'Now,' Mae said, stroking Sunni's hair, her cheek. 'It is time for a complete makeover. Let's really do you up. I cannot do as good a workup in the hills.'
Mae took her client to Halat's, the same hairdresser as Sunni might have gone to anyway. But Mae was greeted by Halat with cries and smiles and kisses on the cheek. That implied a promise that Mae's client would get special treatment. There was a pretence of consultancy. Mae offered advice, comments, cautions. Careful! – she has such delicate skin! The hair could use more shaping there. And Halat hummed as if perceiving what had been hidden before and then agreed to give the client what she would otherwise have had. But Sunni's nails were soaking, and she sat back in the centre of attention, like a queen.
All of this allowed the hairdresser to charge more. Mae had never pressed her luck and asked for a cut. Something beady in Halat's eyes told Mae there would be no point. What Mae got out of it was standing, and that would lead to more work later.
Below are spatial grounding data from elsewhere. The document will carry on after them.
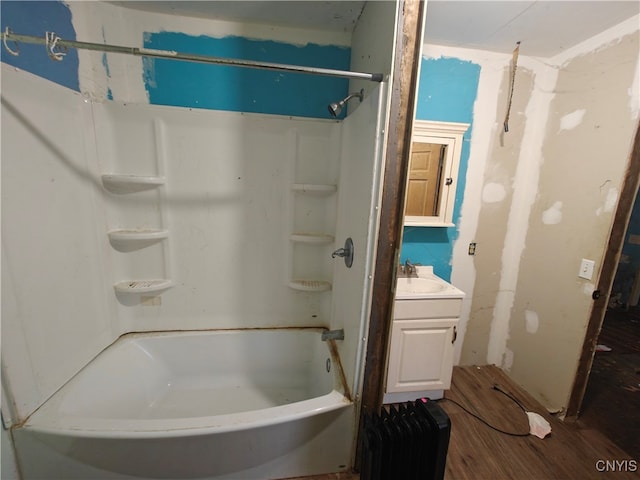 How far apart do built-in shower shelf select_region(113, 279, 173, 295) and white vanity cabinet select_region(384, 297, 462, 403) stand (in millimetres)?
1479

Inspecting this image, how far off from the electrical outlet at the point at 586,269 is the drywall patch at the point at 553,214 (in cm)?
29

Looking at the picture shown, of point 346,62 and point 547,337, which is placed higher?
point 346,62

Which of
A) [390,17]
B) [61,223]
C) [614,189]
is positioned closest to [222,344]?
[61,223]

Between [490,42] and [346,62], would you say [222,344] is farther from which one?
[490,42]

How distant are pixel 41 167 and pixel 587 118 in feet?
9.36

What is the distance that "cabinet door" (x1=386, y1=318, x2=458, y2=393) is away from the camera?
160cm

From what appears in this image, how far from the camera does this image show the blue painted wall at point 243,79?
147 cm

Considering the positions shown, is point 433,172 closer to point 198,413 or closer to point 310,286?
point 310,286

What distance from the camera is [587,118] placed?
4.96 feet

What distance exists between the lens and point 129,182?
4.84ft

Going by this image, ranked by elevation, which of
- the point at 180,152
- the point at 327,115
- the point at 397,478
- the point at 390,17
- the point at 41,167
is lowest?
the point at 397,478

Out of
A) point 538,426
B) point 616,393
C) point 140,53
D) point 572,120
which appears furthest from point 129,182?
point 616,393

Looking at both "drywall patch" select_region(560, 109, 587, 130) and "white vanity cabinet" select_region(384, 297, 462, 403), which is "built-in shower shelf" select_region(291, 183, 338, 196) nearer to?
"white vanity cabinet" select_region(384, 297, 462, 403)

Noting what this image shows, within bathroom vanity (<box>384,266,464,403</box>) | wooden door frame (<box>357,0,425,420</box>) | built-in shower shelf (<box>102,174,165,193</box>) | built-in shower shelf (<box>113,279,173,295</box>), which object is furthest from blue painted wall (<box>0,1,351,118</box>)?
bathroom vanity (<box>384,266,464,403</box>) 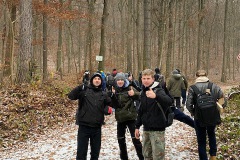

With cucumbers over her eyes, Sunni was safely trapped. Mae announced, 'I just have a few errands to run. You relax and let all cares fall away.' She disappeared before Sunni could protest.
Mae ran to collect the dress. A disabled girl, a very good seamstress called Miss Soo, had opened up a tiny shop of her own.
Miss Soo was grateful for any business, poor thing, skinny as a rail and twisted. After the usual greetings, Miss Soo shifted around and hobbled and dragged her way to the back of the shop to fetch the dress. Her feet hissed sideways across the uneven concrete floor. Poor little thing, Mae thought. How can she sew?
Yet Miss Soo had a boyfriend in the fashion business – genuinely in the fashion business, far away in the capital city, Balshang. The girl often showed Mae his photograph. It was like a magazine photograph. The boy was very handsome, with a shiny shirt and coiffed-up hair. She kept saying she was saving up money to join him. It was a mystery to Mae what such a boy was doing with a cripple for a girlfriend. Why did he keep contact with her? Publicly Mae would say to friends of the girl: It is the miracle of love, what a good heart he must have. Otherwise she kept her own counsel which was this: You would be very wise not to visit him in Balshang.